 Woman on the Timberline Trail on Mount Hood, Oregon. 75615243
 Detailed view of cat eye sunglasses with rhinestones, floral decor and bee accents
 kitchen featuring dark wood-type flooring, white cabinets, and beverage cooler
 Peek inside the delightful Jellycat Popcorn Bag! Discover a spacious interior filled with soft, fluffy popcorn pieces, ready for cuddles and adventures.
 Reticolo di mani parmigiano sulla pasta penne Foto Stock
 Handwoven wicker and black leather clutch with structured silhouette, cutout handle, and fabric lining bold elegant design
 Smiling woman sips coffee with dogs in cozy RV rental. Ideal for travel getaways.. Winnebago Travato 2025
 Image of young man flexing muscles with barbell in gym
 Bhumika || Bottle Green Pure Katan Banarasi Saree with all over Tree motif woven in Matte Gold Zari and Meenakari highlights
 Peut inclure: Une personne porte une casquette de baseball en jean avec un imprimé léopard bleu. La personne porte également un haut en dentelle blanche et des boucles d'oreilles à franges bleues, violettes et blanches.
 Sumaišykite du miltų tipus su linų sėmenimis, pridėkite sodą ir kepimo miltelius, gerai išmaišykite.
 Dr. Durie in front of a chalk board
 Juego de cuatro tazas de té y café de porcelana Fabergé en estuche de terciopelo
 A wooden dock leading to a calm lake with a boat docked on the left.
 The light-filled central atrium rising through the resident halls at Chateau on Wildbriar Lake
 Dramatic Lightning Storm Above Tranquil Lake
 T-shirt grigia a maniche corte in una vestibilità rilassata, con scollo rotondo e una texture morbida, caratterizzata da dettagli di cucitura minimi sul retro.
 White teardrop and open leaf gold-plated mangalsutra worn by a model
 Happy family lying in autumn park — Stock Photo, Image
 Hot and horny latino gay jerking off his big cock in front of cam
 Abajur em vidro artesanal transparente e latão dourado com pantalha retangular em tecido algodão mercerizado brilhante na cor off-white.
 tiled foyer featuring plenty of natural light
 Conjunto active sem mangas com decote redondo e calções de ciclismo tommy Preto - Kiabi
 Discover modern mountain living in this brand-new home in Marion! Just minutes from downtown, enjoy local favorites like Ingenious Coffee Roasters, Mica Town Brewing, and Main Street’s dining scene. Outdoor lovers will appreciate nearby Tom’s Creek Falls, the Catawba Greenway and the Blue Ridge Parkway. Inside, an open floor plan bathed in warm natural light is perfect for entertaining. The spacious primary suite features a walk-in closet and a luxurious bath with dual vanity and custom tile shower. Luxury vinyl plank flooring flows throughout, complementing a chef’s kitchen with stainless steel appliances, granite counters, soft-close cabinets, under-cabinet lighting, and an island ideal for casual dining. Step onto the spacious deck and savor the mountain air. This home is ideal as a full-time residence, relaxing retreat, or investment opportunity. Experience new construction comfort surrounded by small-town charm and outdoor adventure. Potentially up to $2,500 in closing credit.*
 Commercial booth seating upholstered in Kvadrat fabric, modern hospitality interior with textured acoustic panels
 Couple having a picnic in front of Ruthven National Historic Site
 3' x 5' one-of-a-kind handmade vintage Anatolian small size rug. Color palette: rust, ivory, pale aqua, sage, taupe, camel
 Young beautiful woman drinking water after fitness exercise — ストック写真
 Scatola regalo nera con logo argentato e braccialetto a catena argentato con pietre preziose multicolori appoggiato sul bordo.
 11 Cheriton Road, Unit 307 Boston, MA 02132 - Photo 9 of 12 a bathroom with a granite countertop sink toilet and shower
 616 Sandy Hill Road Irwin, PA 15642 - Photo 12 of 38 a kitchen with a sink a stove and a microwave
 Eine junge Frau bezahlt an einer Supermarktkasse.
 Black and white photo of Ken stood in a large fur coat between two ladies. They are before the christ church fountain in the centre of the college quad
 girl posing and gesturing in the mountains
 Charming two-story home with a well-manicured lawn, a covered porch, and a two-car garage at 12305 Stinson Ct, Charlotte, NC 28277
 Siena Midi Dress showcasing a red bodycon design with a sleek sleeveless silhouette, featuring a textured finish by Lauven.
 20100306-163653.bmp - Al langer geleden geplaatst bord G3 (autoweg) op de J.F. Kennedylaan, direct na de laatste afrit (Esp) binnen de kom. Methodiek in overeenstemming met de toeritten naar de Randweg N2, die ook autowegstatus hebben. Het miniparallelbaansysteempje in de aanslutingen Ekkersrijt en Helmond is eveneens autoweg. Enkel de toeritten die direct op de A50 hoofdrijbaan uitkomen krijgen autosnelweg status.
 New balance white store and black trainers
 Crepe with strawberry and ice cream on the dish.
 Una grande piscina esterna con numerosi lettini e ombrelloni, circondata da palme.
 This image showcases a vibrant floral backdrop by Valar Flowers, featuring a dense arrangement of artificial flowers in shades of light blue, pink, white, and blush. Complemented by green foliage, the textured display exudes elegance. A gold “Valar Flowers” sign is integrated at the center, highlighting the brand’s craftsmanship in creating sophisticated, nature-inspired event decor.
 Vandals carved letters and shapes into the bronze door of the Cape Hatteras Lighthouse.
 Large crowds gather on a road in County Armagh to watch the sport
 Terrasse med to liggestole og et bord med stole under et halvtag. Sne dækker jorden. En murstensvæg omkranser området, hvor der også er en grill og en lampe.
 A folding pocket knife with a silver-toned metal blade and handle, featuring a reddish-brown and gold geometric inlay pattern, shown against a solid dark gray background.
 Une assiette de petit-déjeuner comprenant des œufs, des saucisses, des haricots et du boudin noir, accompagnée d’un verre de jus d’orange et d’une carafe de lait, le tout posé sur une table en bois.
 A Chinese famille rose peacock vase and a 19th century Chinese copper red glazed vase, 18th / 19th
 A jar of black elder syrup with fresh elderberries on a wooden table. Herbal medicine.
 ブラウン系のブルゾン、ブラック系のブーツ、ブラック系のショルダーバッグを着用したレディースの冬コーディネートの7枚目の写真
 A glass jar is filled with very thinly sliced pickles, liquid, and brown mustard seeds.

→ **WHAT THE TASK ASKS**
Search the listing above for lines containing "open", and copy them.

→ **YOUR SOLUTION**
 White teardrop and open leaf gold-plated mangalsutra worn by a model
 Discover modern mountain living in this brand-new home in Marion! Just minutes from downtown, enjoy local favorites like Ingenious Coffee Roasters, Mica Town Brewing, and Main Street’s dining scene. Outdoor lovers will appreciate nearby Tom’s Creek Falls, the Catawba Greenway and the Blue Ridge Parkway. Inside, an open floor plan bathed in warm natural light is perfect for entertaining. The spacious primary suite features a walk-in closet and a luxurious bath with dual vanity and custom tile shower. Luxury vinyl plank flooring flows throughout, complementing a chef’s kitchen with stainless steel appliances, granite counters, soft-close cabinets, under-cabinet lighting, and an island ideal for casual dining. Step onto the spacious deck and savor the mountain air. This home is ideal as a full-time residence, relaxing retreat, or investment opportunity. Experience new construction comfort surrounded by small-town charm and outdoor adventure. Potentially up to $2,500 in closing credit.*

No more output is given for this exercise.